A federal district court judge in Texas ruled this week that Obamacare regulations mandating medical facilities provide abortion and transgender care services violates the rights of private health care providers and insurers who do not facilitate such services because of their religious beliefs.
In his ruling on Tuesday, Judge Reed O’Connor effectively made permanent the preliminary injunction he issued in December 2016 that prevented the Department of Health and Human Services (HHS) from applying the Obama administration’s re-definition of “sex” discrimination to include denying persons access to transgender care and abortions.
Christian health provider Franciscan Alliance joined a group of states and religious plaintiffs and filed a lawsuit in August 2016 claiming that the federal Office of Civil Rights’(OCR) re-definition of discrimination “on the basis of sex” to include “gender identity” and “termination of pregnancy” violated the Religious Freedom Restoration Act (RFRA).
O’Connor also ruled that the Affordable Care Act (ACA) requirement, coupled with the OCR’s expanded definition of “sex” as a protected class to include LGBTQ persons, created a “substantial burden” on health care providers and insurers to perform and cover gender transition procedures and abortions in violation of their religious beliefs.
In his Oct. 15 opinion, O’Connor stated further that the federal government failed to cite a compelling governmental interest to support the inclusion of gender identity and termination of pregnancy in its “sex” discrimination prohibitions.

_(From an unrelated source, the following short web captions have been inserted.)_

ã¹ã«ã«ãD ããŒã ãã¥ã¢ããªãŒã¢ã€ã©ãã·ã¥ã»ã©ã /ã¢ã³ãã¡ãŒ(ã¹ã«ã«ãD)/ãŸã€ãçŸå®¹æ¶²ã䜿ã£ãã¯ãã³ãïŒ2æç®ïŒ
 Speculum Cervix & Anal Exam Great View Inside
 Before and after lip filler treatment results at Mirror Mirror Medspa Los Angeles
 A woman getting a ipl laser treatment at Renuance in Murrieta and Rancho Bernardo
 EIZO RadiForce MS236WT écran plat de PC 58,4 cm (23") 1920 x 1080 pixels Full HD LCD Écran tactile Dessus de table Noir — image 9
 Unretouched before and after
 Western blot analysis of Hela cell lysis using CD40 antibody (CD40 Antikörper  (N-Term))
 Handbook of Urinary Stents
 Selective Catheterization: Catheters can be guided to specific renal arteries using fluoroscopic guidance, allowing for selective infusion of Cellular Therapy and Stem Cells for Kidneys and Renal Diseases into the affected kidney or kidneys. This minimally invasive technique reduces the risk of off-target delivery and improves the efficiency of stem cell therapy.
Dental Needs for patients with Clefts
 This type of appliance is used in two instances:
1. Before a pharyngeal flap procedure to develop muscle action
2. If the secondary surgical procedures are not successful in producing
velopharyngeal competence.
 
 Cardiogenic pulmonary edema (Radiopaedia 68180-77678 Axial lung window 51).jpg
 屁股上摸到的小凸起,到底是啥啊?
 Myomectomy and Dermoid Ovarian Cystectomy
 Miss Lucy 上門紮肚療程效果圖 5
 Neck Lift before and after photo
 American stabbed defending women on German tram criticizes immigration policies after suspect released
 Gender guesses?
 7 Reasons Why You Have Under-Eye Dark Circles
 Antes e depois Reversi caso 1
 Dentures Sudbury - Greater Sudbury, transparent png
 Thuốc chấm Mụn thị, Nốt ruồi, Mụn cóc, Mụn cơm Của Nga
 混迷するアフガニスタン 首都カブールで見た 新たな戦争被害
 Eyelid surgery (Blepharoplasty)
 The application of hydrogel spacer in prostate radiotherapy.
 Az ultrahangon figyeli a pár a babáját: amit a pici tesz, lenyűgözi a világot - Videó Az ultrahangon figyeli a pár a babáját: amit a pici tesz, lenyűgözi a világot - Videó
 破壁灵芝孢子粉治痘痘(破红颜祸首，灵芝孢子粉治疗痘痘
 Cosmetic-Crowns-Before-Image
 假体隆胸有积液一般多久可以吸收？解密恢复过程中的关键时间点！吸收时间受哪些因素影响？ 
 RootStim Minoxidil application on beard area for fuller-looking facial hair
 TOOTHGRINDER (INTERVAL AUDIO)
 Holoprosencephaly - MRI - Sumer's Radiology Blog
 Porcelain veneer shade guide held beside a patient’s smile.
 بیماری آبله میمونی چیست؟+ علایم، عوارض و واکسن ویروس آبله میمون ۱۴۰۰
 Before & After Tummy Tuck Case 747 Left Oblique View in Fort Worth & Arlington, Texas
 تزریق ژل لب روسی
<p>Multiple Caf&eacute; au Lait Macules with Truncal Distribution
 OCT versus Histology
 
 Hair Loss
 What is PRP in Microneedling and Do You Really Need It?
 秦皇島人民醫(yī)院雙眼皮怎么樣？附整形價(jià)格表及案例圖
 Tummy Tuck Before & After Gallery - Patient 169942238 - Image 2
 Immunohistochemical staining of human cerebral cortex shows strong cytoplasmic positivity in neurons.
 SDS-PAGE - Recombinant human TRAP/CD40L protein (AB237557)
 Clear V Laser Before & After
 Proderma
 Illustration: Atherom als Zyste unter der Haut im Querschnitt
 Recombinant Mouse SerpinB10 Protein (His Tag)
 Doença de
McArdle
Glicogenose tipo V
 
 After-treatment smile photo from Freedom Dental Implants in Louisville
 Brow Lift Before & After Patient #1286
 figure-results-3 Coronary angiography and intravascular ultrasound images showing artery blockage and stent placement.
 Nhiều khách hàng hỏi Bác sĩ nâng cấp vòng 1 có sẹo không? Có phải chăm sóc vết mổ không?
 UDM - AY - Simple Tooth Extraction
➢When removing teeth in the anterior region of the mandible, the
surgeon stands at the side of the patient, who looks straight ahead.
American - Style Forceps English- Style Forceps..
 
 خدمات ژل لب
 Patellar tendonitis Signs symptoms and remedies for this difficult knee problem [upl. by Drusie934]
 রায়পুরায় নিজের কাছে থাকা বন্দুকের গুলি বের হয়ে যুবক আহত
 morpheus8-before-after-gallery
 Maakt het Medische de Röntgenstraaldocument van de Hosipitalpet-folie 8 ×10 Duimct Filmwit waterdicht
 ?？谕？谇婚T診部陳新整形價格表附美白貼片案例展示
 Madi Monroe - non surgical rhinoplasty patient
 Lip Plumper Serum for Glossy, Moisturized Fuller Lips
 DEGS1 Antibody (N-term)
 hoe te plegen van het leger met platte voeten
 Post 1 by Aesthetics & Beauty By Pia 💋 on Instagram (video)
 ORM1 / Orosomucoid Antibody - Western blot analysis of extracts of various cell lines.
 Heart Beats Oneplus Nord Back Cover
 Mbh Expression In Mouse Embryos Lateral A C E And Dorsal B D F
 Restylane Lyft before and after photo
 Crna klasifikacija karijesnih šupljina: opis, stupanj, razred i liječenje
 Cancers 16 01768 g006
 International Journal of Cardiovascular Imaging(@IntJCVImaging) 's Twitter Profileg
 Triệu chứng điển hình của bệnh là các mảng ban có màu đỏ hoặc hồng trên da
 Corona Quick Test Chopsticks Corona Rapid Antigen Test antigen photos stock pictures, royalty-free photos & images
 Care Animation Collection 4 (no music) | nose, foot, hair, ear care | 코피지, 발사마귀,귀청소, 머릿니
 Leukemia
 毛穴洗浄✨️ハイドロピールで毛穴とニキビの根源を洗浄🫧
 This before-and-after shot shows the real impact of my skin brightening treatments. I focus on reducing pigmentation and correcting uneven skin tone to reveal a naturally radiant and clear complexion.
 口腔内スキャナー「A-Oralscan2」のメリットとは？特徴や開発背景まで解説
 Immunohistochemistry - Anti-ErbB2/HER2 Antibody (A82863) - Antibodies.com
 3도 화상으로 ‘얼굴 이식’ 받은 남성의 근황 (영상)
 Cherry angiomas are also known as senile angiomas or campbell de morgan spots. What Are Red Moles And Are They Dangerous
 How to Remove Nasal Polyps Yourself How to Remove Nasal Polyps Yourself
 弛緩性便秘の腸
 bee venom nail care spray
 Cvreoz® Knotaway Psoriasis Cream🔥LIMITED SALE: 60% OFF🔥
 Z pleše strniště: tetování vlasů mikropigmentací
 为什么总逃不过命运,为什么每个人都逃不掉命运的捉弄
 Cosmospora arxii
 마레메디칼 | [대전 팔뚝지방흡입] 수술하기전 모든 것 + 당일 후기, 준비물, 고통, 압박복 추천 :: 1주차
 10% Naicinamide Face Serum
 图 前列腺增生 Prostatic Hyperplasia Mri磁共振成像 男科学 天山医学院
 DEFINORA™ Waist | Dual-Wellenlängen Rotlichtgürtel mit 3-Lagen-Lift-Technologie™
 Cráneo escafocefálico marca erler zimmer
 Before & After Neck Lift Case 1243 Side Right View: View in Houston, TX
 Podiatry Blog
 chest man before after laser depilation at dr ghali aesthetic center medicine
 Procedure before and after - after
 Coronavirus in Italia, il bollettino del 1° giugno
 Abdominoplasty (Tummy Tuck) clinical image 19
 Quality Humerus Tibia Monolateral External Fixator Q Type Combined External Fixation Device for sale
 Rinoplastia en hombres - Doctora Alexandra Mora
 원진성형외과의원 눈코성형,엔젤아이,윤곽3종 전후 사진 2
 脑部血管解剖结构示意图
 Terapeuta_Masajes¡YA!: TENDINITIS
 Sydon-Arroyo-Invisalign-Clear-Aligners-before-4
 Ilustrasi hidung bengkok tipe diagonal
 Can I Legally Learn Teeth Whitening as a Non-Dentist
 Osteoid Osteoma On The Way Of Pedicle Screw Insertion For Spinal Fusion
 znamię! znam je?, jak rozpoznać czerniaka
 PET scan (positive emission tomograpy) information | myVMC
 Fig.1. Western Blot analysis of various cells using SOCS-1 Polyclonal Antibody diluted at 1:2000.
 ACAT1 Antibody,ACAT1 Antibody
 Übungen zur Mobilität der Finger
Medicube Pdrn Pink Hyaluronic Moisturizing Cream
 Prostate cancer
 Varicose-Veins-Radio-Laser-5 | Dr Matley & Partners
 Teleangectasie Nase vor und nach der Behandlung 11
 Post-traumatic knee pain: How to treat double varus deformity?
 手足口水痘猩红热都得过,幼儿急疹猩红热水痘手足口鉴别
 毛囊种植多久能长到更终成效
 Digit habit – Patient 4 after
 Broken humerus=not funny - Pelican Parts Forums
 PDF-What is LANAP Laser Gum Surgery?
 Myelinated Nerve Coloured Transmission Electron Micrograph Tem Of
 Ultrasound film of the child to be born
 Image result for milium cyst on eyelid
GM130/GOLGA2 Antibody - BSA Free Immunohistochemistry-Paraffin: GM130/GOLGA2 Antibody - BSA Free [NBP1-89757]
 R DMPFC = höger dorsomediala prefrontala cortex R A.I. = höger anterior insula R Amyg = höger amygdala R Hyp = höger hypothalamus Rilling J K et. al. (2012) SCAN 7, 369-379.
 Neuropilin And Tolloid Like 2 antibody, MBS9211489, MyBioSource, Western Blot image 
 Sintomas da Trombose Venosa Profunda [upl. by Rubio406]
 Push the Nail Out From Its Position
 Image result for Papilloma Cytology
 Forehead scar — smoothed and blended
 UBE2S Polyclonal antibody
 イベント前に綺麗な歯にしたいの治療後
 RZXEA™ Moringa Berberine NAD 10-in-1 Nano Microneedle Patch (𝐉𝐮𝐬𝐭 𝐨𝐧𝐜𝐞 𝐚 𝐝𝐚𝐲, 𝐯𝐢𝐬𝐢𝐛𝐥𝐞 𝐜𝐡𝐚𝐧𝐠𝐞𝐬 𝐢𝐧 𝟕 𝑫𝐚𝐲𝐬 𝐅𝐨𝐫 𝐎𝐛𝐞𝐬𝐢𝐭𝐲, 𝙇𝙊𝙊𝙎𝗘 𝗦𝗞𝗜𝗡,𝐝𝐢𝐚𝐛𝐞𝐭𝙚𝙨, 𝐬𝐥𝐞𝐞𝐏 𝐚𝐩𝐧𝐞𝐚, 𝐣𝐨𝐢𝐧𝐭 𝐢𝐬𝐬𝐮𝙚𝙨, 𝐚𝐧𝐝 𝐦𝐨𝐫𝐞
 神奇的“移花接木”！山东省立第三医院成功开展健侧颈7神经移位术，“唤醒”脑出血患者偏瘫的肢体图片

In a written statement, Texas Attorney General Ken Paxton praised the ruling: “HHS lacked the legal authority to re-write a number of federal laws that prevent sex discrimination and protect religious freedom, especially when it sought to do so by forcing doctors to perform—and American taxpayers to pay for—controversial medical procedures that are contrary to the religious and moral beliefs of millions across our nation.”
O’Connor’s ruling is expected to be appealed by the American Civil Liberties Union (ACLU) to the U.S. Fifth Circuit Court of Appeals.
Meanwhile, the Supreme Court last week heard oral arguments on whether the prohibition of sex discrimination under Title VII of the Civil Rights Act includes discrimination based on sexual orientation or gender identity. A ruling by the high court is expected next summer and could have implications on O’Connor’s ruling.